2012年3月18日日曜日

悼む人/天童荒太・著

2011年7月22日
坂築静人は、見ず知らずの亡くなった人々を追悼して全国を渡り歩いており、密かに「悼む人」と呼ばれ、ネットでは名前が知れていた。生前その人は誰を愛し、誰に愛され、どのように人々に感謝されたかという事柄のみをきいてまわり、その人がどうして亡くなったか、という事に一切触れない彼の行為は、人々に賛否両論で受け入れられていく。当初、数日間の旅程であった彼の悼みの旅は、いつしか数年間、自宅に帰って程に。物語は、静人の悼む旅を中心に同調する女性の出現、最初は静人を偽善者と決めつけた記者が、様々な事件の後に改心していく過程、そして静人の母、巡子が、ガンに冒され余命数ヶ月で、徐々に衰弱していく様子が描かれる。
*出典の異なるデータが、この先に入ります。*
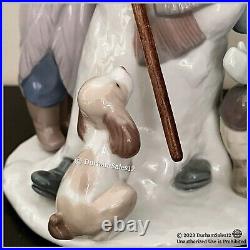 Lladro THE SNOWMAN #5713 Children & Dog Excellent Condition withOriginal Box Retd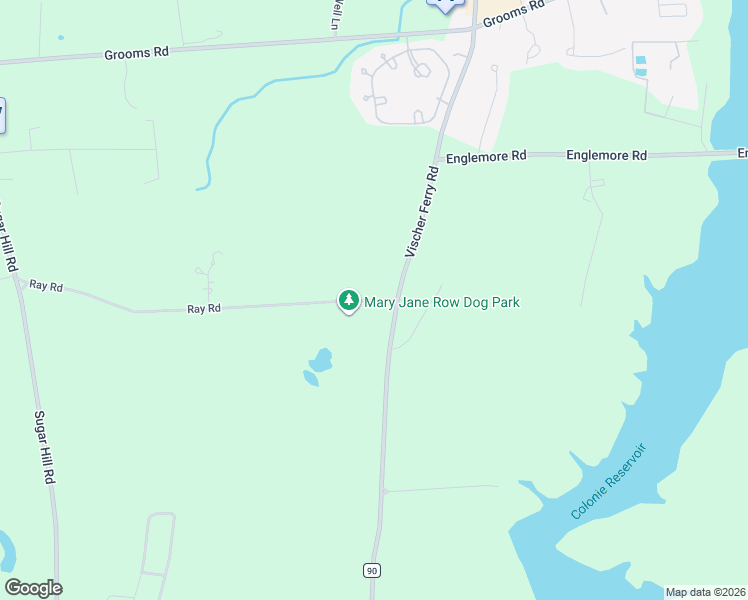 map of restaurants, bars, coffee shops, grocery stores, and more near 3 Ray Road in Rexford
最後は、唯一の理解者である奈儀倖世と関係を持つものの、倖世は、自分が愛される事で静人の悼む旅に支障が出る事を恐れ、又、自らも静人のように悼む人となるべく、別れを告げる。エピローグとして、巡子の死ぬ間際の話となり、死の直前、静人が母の臨終に間に合うところで終わる。